# Apex Neptune Support .. crap



## Mikeylikes (Nov 22, 2013)

So my Apex module has died and I've been trying to get Neptune support team to help me fix.

2 EB 8 Bars - Flashing Green light
Apex Display module - no display .. blank blue screen
Main module - blinks and then become solid green. tried to reset. cannot get an IP or update firmware using a hardwire connection given I can't even connect.

any one else had same problem?

Been 3 Days trying to get them to get this resolved and everytime I call I get no answer and then and note saying everyone is busy. 

email response is slow as molasses and they only respond once per day ... so far. am totally frustrated with the lack of customer support.
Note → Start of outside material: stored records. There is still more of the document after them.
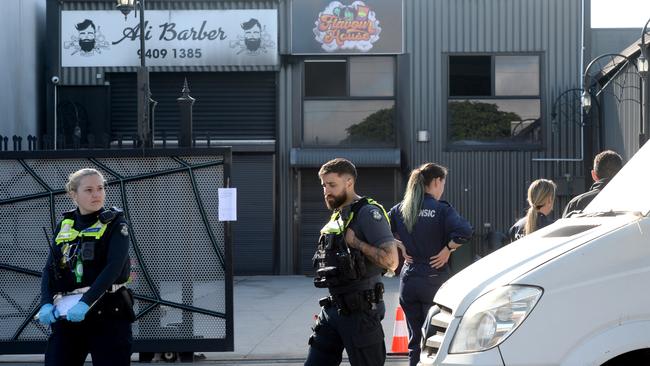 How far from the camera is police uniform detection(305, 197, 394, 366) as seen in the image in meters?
6.23

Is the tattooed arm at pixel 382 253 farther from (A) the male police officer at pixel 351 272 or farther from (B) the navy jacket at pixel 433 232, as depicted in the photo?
(B) the navy jacket at pixel 433 232

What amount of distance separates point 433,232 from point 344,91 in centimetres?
1342

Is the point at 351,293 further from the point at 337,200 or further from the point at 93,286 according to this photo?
the point at 93,286

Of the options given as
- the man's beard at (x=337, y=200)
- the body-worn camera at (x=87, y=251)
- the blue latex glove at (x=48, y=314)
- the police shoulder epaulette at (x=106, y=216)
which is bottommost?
the blue latex glove at (x=48, y=314)

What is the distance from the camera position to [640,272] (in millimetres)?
4566

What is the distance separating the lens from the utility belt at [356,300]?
6230 mm

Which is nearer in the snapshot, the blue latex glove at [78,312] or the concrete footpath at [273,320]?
the blue latex glove at [78,312]

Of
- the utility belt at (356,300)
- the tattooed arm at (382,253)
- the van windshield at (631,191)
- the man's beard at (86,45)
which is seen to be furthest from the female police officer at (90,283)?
the man's beard at (86,45)

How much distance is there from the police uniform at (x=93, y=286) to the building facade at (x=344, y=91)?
14.1 m

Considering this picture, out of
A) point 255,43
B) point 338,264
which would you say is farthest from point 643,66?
point 338,264

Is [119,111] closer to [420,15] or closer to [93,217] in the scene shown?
[420,15]

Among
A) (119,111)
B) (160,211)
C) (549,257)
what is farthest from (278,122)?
(549,257)

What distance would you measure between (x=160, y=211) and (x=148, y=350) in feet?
4.46

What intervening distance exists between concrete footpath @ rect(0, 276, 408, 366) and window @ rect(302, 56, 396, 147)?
303 centimetres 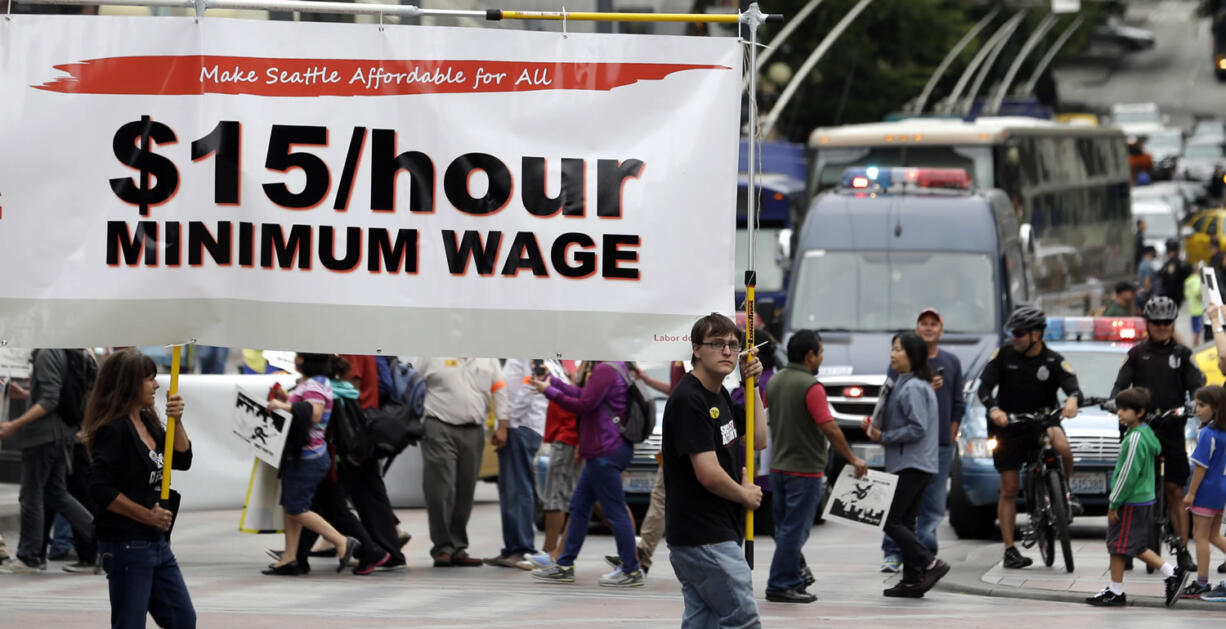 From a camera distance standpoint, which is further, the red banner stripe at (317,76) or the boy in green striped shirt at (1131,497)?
the boy in green striped shirt at (1131,497)

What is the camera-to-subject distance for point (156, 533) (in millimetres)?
7582

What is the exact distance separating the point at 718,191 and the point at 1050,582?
18.8 feet

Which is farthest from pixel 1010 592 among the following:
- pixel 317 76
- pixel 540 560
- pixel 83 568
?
pixel 317 76

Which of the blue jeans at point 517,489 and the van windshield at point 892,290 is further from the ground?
the van windshield at point 892,290

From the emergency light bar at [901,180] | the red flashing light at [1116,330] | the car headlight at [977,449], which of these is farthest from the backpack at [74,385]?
the emergency light bar at [901,180]

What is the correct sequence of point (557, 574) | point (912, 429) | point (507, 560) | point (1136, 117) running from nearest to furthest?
point (912, 429) < point (557, 574) < point (507, 560) < point (1136, 117)

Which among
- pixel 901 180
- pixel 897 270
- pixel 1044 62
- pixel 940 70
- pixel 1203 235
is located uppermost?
pixel 1044 62

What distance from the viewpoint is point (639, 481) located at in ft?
48.8

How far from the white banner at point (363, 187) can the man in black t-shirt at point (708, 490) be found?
0.53 meters

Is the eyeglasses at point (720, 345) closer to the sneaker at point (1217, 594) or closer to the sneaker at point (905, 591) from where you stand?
the sneaker at point (905, 591)

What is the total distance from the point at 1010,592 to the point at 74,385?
6.28 metres

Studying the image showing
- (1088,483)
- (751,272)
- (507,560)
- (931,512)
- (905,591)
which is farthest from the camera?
(1088,483)

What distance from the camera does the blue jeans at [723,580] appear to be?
23.7 feet

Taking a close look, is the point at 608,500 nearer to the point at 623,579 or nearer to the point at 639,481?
the point at 623,579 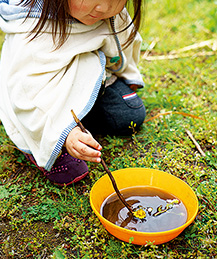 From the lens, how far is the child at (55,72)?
159 cm

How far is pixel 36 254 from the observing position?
1464 mm

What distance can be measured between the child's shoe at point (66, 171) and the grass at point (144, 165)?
0.04 m

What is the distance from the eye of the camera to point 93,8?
152cm

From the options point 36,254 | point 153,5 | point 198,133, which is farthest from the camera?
point 153,5

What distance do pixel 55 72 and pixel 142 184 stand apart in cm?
71

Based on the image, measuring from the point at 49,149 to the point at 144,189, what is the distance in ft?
1.63

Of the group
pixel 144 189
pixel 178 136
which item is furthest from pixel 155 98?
pixel 144 189

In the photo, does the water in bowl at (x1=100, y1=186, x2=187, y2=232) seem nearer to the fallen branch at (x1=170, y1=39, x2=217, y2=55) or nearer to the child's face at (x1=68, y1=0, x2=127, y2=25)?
the child's face at (x1=68, y1=0, x2=127, y2=25)

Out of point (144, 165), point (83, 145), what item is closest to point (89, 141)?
point (83, 145)

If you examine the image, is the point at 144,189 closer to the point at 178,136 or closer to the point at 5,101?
the point at 178,136

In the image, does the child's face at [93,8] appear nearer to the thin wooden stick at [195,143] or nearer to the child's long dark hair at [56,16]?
the child's long dark hair at [56,16]

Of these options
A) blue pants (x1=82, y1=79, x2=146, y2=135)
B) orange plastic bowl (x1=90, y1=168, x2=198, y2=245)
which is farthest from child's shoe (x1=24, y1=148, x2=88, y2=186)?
blue pants (x1=82, y1=79, x2=146, y2=135)

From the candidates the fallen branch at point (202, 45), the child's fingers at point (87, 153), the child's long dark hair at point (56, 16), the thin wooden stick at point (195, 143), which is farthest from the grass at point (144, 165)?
the child's long dark hair at point (56, 16)

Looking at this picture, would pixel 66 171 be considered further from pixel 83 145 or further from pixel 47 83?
pixel 47 83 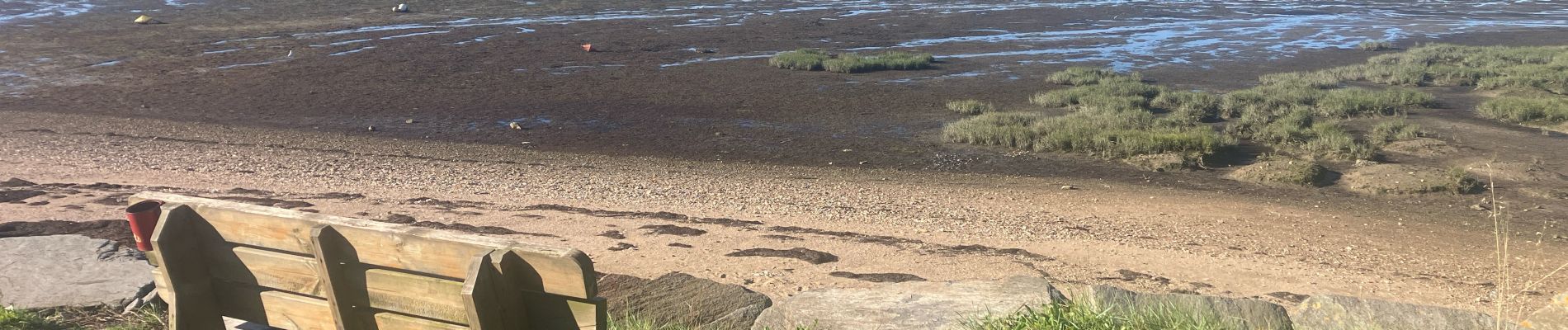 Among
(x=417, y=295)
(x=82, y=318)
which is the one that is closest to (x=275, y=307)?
(x=417, y=295)

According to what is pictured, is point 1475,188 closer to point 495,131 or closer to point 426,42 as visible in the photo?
point 495,131

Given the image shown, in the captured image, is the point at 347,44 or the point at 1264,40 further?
the point at 1264,40

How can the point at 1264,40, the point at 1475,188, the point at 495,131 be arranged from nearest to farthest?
1. the point at 1475,188
2. the point at 495,131
3. the point at 1264,40

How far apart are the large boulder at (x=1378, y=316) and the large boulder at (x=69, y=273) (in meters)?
6.05

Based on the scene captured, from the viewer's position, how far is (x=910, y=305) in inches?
214

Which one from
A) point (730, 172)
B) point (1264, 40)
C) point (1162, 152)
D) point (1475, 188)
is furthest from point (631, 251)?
point (1264, 40)

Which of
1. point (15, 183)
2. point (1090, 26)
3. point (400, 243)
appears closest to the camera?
point (400, 243)

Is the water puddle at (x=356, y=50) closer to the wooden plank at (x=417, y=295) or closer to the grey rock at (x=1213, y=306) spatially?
the wooden plank at (x=417, y=295)

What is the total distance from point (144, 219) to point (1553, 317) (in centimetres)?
600

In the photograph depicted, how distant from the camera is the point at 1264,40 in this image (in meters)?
36.0

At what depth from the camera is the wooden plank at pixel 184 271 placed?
392 centimetres

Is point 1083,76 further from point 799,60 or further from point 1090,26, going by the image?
point 1090,26

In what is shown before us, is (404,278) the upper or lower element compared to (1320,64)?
upper

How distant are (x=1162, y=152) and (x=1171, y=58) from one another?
648 inches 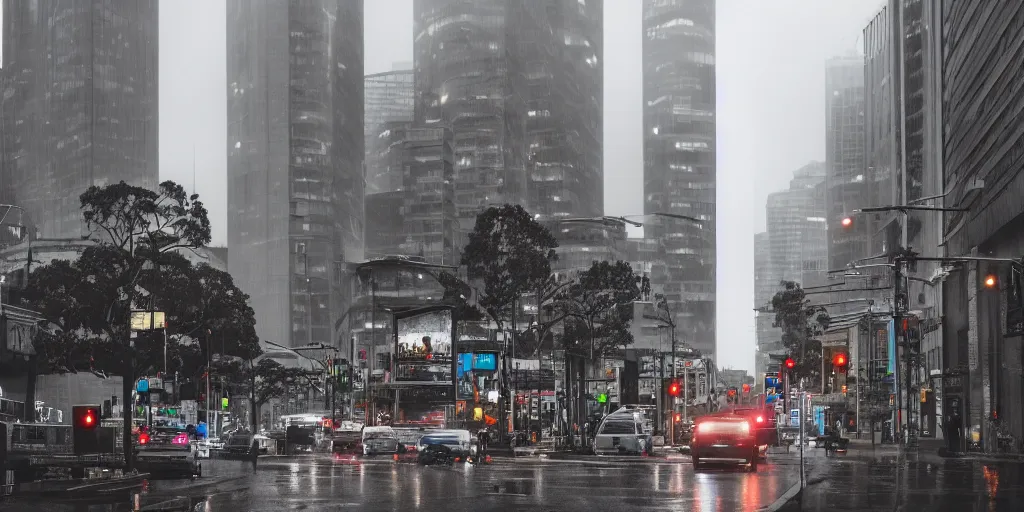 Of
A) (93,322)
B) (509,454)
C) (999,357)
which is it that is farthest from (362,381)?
(999,357)

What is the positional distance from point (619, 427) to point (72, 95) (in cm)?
12508

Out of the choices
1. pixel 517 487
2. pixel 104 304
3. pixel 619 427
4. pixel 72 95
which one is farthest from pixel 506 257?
pixel 72 95

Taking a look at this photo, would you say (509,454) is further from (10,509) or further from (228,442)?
(10,509)

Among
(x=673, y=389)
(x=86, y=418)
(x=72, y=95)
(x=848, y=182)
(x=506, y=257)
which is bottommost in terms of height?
(x=673, y=389)

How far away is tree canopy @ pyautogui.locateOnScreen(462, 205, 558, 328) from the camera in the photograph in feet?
278

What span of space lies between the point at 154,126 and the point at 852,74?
356ft

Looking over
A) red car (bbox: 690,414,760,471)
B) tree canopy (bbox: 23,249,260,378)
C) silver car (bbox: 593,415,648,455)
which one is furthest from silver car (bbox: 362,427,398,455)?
red car (bbox: 690,414,760,471)

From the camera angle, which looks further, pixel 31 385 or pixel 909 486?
pixel 31 385

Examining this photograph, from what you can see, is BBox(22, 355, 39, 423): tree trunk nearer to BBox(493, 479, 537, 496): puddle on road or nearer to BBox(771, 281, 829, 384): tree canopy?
BBox(493, 479, 537, 496): puddle on road

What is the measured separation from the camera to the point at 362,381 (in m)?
121

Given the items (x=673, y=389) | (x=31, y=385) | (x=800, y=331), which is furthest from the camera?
(x=800, y=331)

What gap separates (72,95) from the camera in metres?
162

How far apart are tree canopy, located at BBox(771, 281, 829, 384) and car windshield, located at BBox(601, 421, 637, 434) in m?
63.3

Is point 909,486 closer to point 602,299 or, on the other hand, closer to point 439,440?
point 439,440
Enough to jade me into looking at another alternative !



my rant for day ...


----------



## uniboob (Dec 29, 2012)

Hop on there forum. Great support there. 


Sent from my iPhone using Tapatalk


----------



## fesso clown (Nov 15, 2011)

+1
they are FAAAAST on the Neptune Forum. Sounds shitty though! Good luck!


----------



## notclear (Nov 5, 2011)

Hmm, they were fast on email when I had problem before. Probably they are heading out to MACNA and are busy setting up booth and such.


----------



## noy (Nov 19, 2012)

try reloading the firmware using a direct connection.

I had the same issue after a firmware update.


----------



## fury165 (Aug 21, 2010)

Don't ever try updating the firmware wirelessly, and I'd also suggest that you restart the controller BEFORE you do any updates so that it clears the memory.


----------



## d6d (Feb 27, 2013)

I remember have to use a different pc to update my apex firmware.


----------



## puks (Feb 5, 2013)

They are not bad, based on my experience.

You can re-load the firmware using direct connection

https://forum.neptunesystems.com/sh...Mac-directly-to-controller-to-update-firmware

and the steps from http://forum.neptunesystems.com/showthread.php?18-Read-this-first-Problems-updating-firmware

-Power OFF your controller including disconnecting any secondary power
-Start the firmware update
-Wait for the loader to 'timeout' once or twice
-Power up your controller
-This may take a couple of tries, just repeat the process starting with powering OFF the controller


----------



## Mikeylikes (Nov 22, 2013)

Thanks everyone for your help.

RMA was obtained and unit is being sent back for repair. Cannot even see the controller with a direct connection to perform an upgrade.


----------